When I visited Morocco, I stayed with either my Moroccan family or my landlord's family.  I felt like I could have slept forever due to jetlag but at 9:00 Meryem, the landlord's daughter, was knocking at the door.   I went upstairs for "kawa" (coffee).  When they said kawa, I knew to expect more than kawa.  I couldn't believe my eyes.  There was coffee, tea, cookies, bread, jam, butter, cheese, harira, and lots of seconds.  There was no being polite either.  They insisted I Kool! Kool! Kool! (Eat! Eat! Eat!)

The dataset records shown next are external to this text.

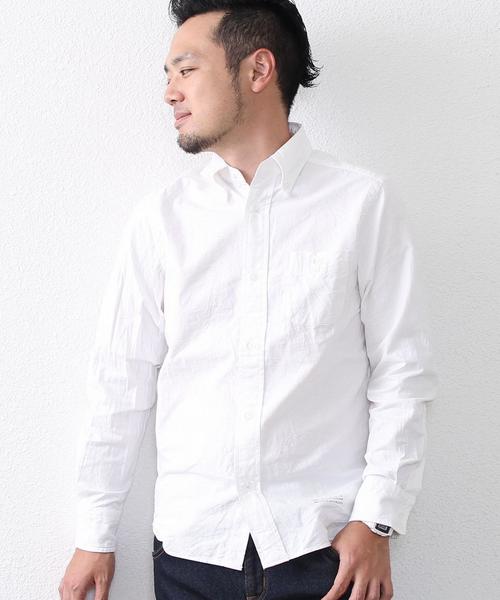 coen(コーエン)の「オックスフォードボタンダウンシャツ(シャツ/ブラウス・メンズ・ホワイト/ネイビー・X-LARGE/SMALL/X-SMALL/LARGE/MEDIUM)」の7枚目の写真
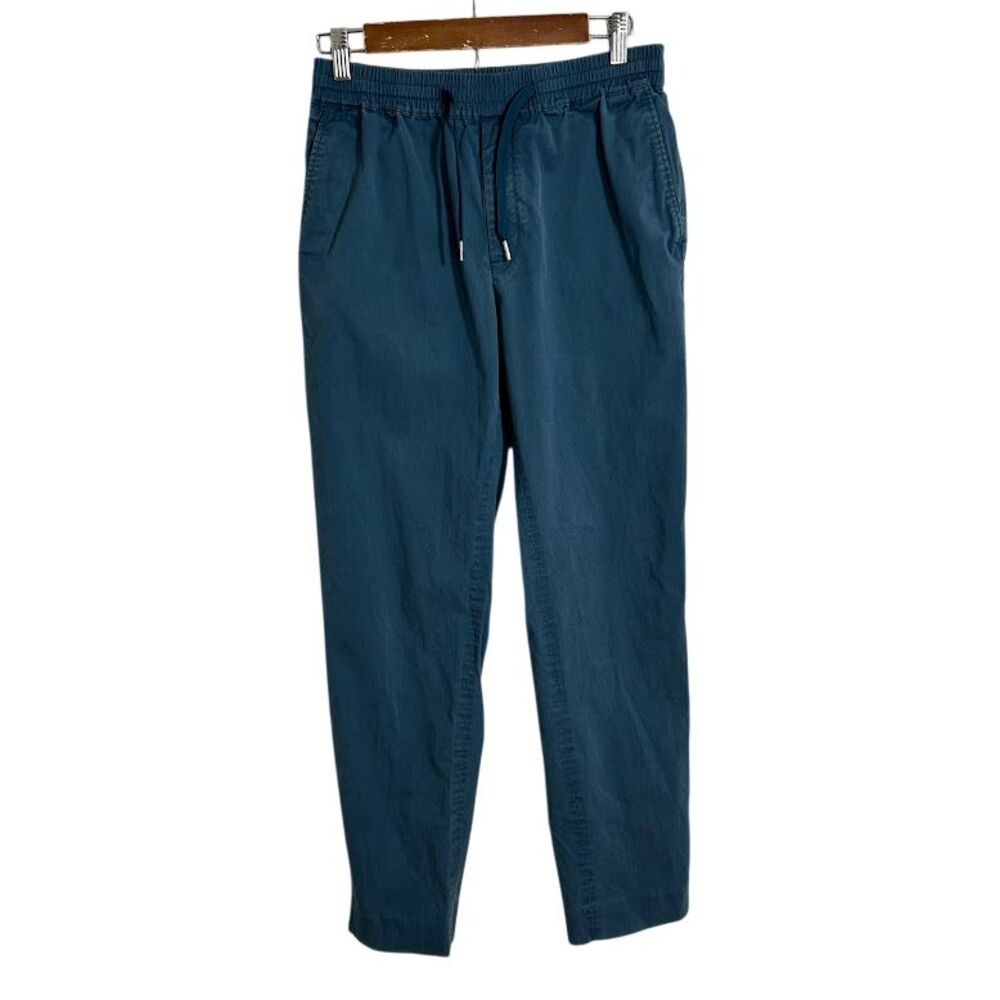 Sandro Mens Elasticated Straight Leg Trousers Pants S Blue Cotton Blend Pull On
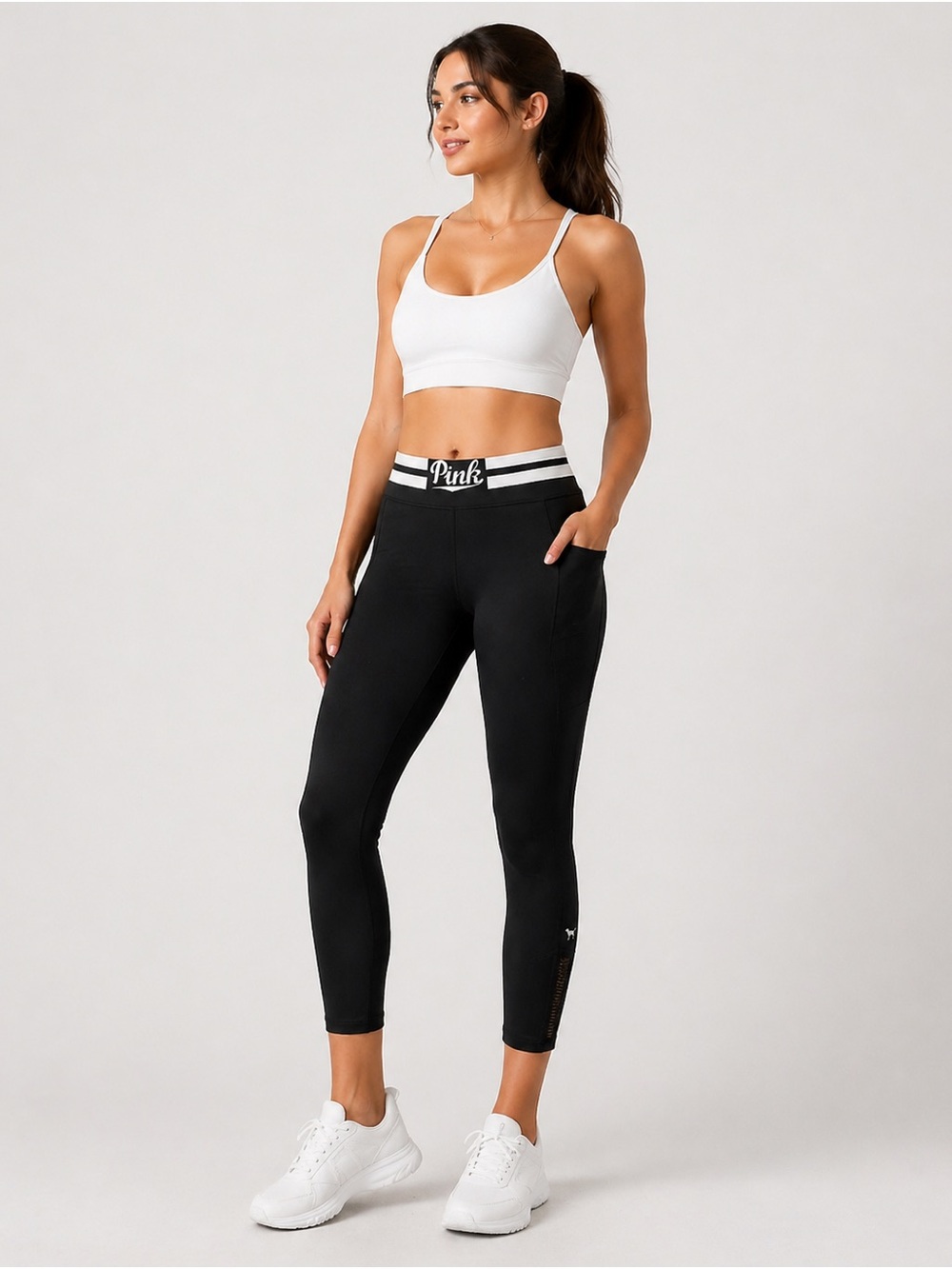 PINK Victoria's Secret Black Capri Leggings with Striped Waistband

One experience not to be missed in Morocco was the hammam (bath).   Salah took me and I didn't know what to expect.  Mosques, bakeries, and hammams were usually next to each other.  The hammams were heated so they also baked there and people cleaned up before going to pray. 

We entered a room and nobody was in it.  It sort of looked like a locker room.  I thought, "This is it?"  It wasn't.  It was a locker room.  Behind a huge door were three rooms.  Each hotter than the other.  Salah lead me to the hottest room.  We stayed there about five minutes to get a good sweat going.

Then we moved with our buckets of hot water to the middle room.   It was time to scrub.  We sat down on the floor.  There was a special mitt for scrubbing and you rubbed everywhere until you saw dead cells.  It was a little abrasive, but it did the job.  After the abrasion came a rinse and shampoo.  There was a lot to see during all this.  There were over a dozen men in the bath wearing short or towels.  Some were lying on the floor being scrubbed by men whose job was to scrub others all day. 

We moved next to the coolest of the hot rooms.  Here was the "lather with soap" room.  I followed Salah's lead in everything up until the end.  I took a final rinse in really cold water.  I just poured a bucket over my head.  I guess that was just not done and a lot of people tittered in Arabic when I did that.